Director Andrey Konchalovskiy is a veteran international filmmaker who has also directed theatre and opera across Europe. This could explain many of the over-the-top performances throughout the film. Voight sports a fu manchu mustache, wears prosthetic scars across one eye, and speaks with so much mush-mouthed intensity that he sounds like Michael Moriarty doing Hamlet in a dentist’s chair. He snarls, drools, and grandstands like a lion daring the zookeeper to come a little closer with his dinner. It’s not a good performance, but it’s never boring. Roberts matches him for excessive intensity, but his silly hick accent makes it hard to take him seriously. Still, he works well as a stupid kid who gets to see just how much of a “hero” Manny actually is. Ryan knocks his sadistic warden role out of the park. He’s only onscreen for maybe thirty minutes, but he owns every second of his appearance with an icy control and purely evil presence that shows him to be just as dangerous and obsessed as Manny.

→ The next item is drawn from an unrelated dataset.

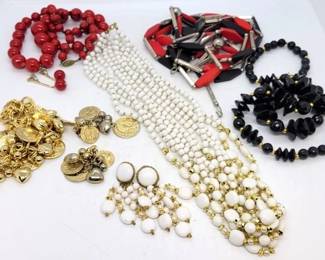 786 - Lot of Costume Jewelry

While Konchalovskiy frees his cast to go as far over-the-top as they want, he maintains a fairly tight control over most everything else. The prison scenes in the first act are extraordinary. Although they deliver the same sights and scenes that have been portrayed in every prison movie ever made, the atmosphere that is captured in the film is absolutely suffocating. This makes the violence that much more brutal and feeds into the animalistic performance by Voight. The filmmakers seem to argue that Manny has been turned into a wild animal by the prison system, and it’s hard to argue that point while watching these scenes. This sense of claustrophobic anxiety is heightened on the train. Trapped in the small spaces of the cars, with the characters facing almost certain death, the performances start to fit in. Any hope of subtlety goes out the window, but the film only becomes better for it. A story about a personality too big to be caged, but too dangerous to be freed deserves a treatment that isn’t afraid to press down on the gas pedal when logic would say to brake. Thankfully, Konchalovskiy does just that.
Unfortunately, he makes two rather large mistakes. He constantly cuts away from the action to the railroad headquarters to show how the dispatchers are dealing with the crisis. Just one or two of these scenes are needed to show how further collisions are avoided, but the film goes to these sequences every five or ten minutes. Not only are they unnecessary, they’re boring with marginal acting on a cheap set. The other mistake is the introduction, nearly an hour into the film, of a railroad worker (Rebecca De Mornay) who is also stuck on the train. Ostensibly, her purpose is to show the humanity left in Buck and (to a lesser extent) Manny. But she only serves to distract from the main conflict of what will get Manny first, the train or the Warden?
Neither of these missteps spells doom for the film. Riding on the mostly excellent direction and a strong story that nails a perfect ending, Runaway Train is a visceral kick in the ass. It’s a brutal, surprisingly engrossing genre exercise that rarely compromises. Give it a look.